- WHAT IS NEEDED: Once the line holding "laundry room with" is found in the entries below, transcribe exactly every line up to and including the one holding "Baby blue bounce", but leave out the pictures.

- PROVIDED MATERIAL:
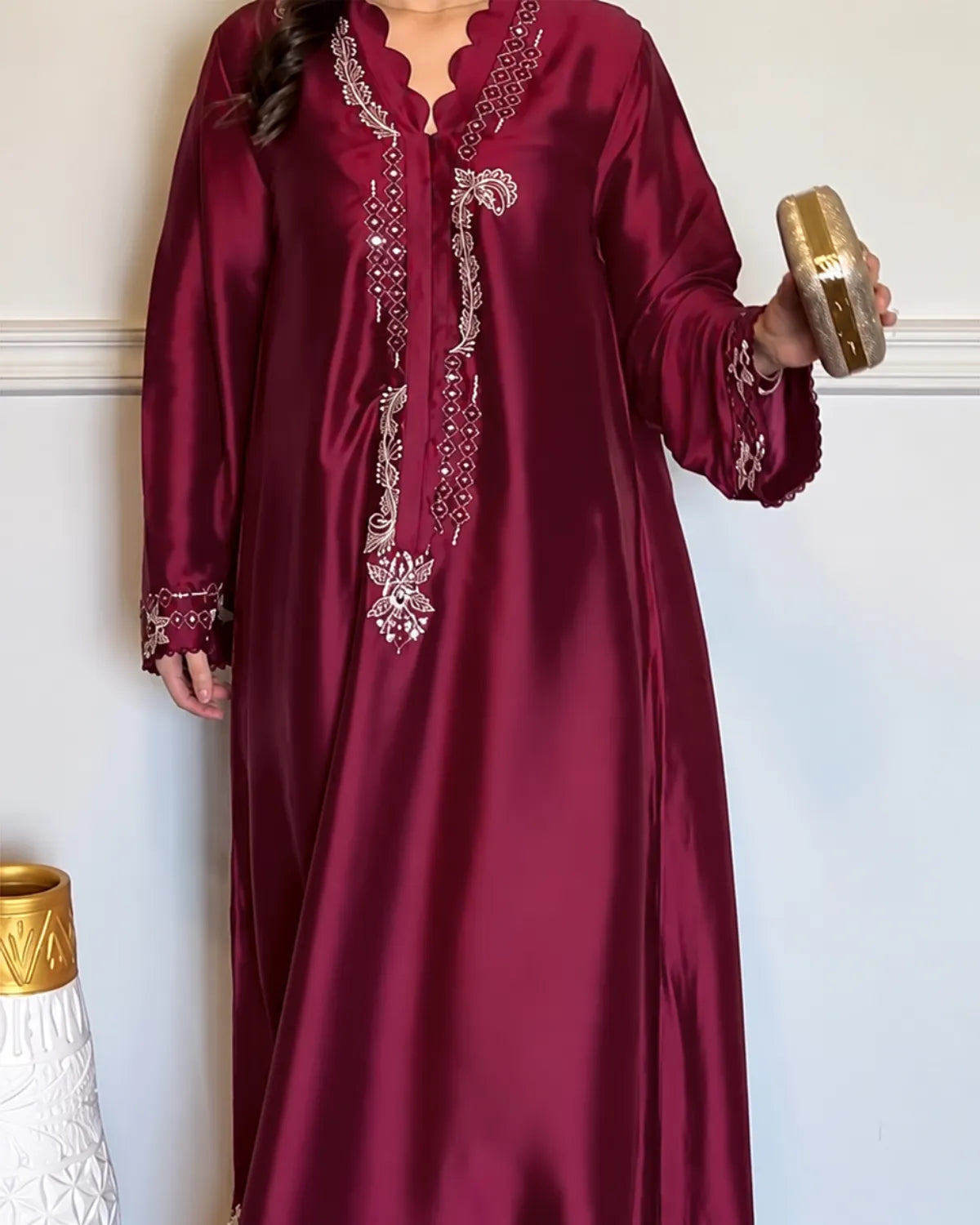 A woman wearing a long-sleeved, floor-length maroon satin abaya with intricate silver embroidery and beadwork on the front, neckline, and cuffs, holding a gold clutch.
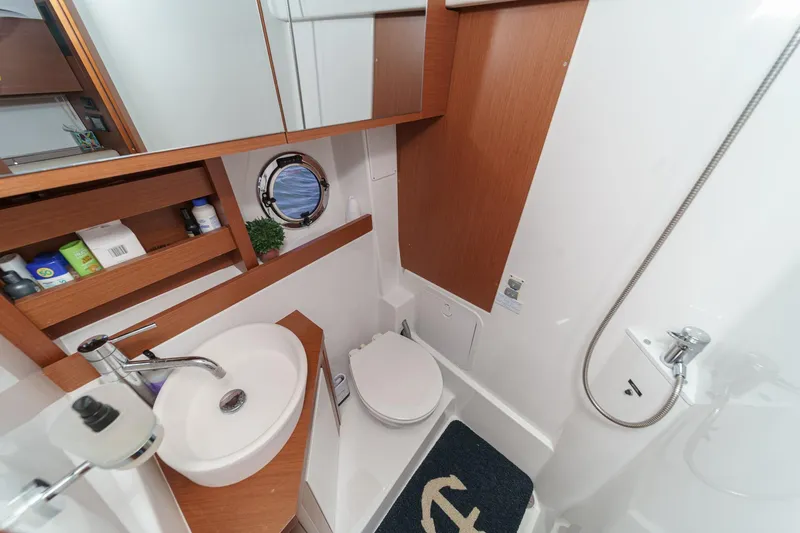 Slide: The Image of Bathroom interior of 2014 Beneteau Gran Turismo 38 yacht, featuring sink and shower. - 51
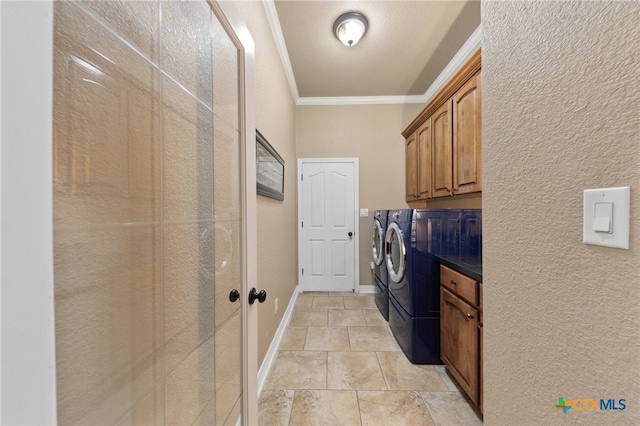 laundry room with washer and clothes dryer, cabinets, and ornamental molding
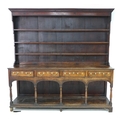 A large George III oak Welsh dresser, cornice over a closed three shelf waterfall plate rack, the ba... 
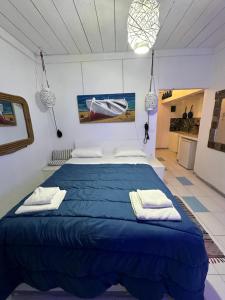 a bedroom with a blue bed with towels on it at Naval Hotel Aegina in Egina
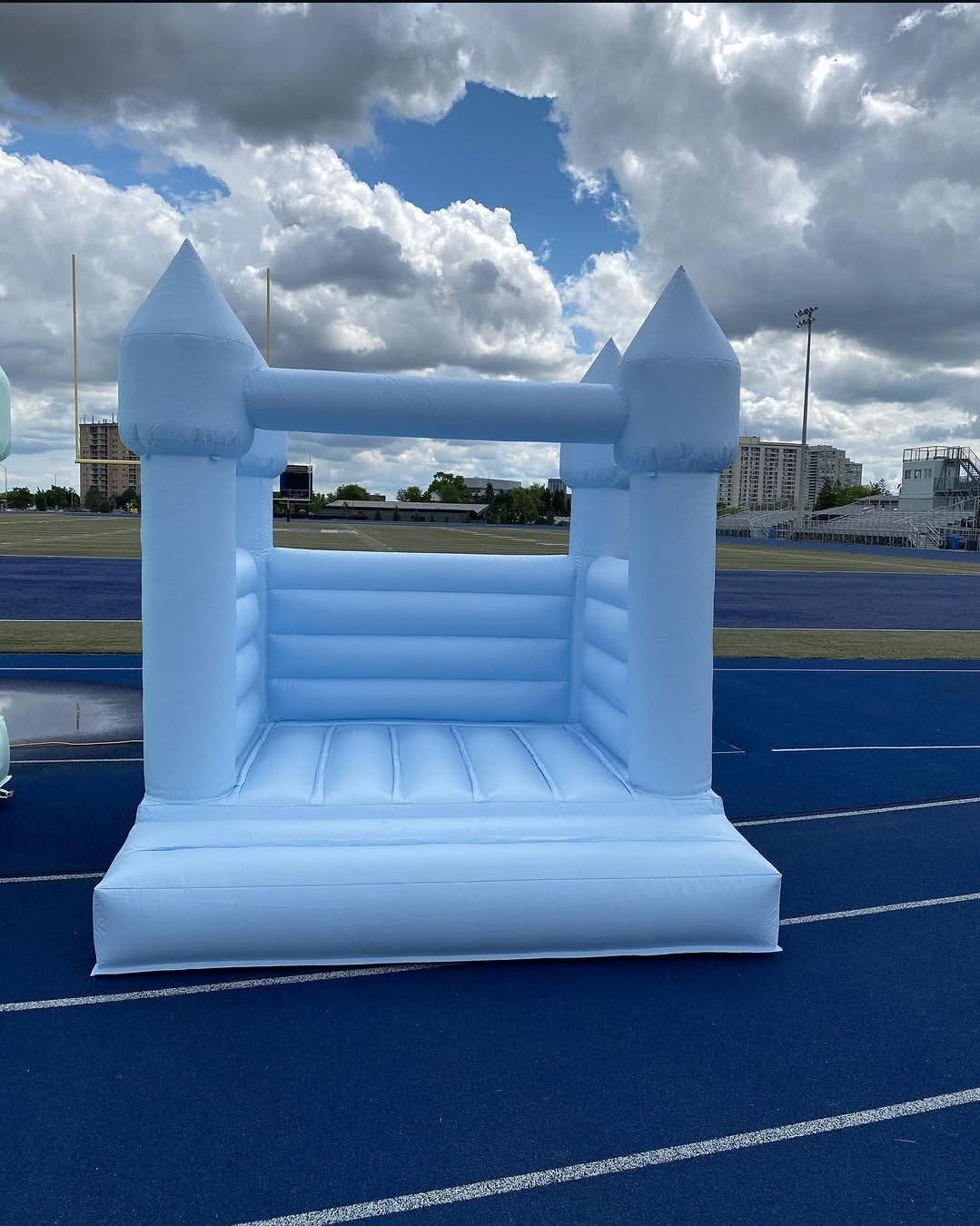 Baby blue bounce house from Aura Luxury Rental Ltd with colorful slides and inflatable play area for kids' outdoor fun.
...
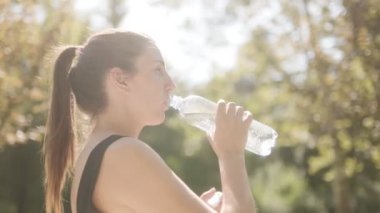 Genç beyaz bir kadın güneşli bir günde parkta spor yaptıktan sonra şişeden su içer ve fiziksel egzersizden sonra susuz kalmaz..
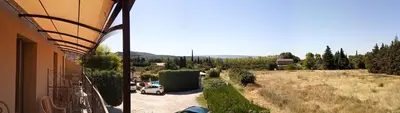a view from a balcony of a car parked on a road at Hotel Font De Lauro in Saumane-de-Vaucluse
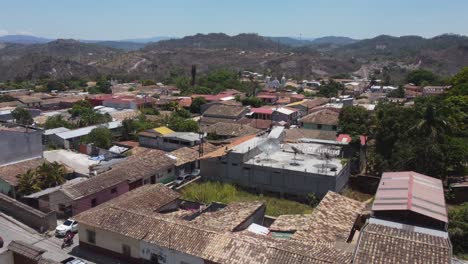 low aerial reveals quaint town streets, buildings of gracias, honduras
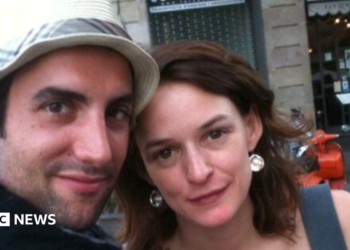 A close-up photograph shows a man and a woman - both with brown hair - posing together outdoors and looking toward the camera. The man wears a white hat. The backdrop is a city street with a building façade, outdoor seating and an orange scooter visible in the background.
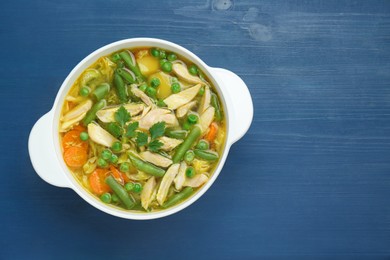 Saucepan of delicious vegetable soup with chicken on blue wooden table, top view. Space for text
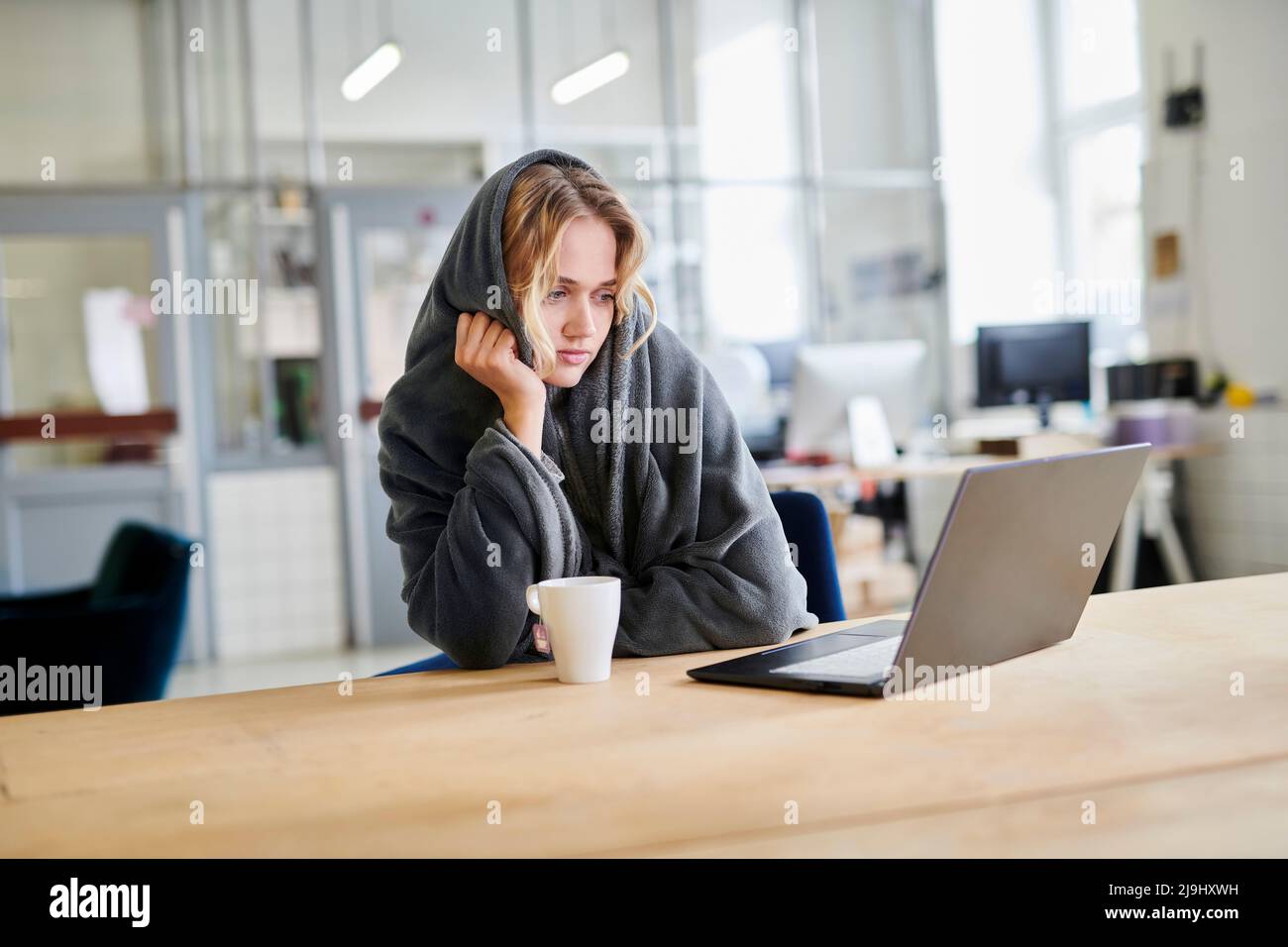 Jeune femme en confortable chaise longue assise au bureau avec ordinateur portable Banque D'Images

- TASK RESPONSE:
 laundry room with washer and clothes dryer, cabinets, and ornamental molding
 A large George III oak Welsh dresser, cornice over a closed three shelf waterfall plate rack, the ba... 
 a bedroom with a blue bed with towels on it at Naval Hotel Aegina in Egina
 Baby blue bounce house from Aura Luxury Rental Ltd with colorful slides and inflatable play area for kids' outdoor fun.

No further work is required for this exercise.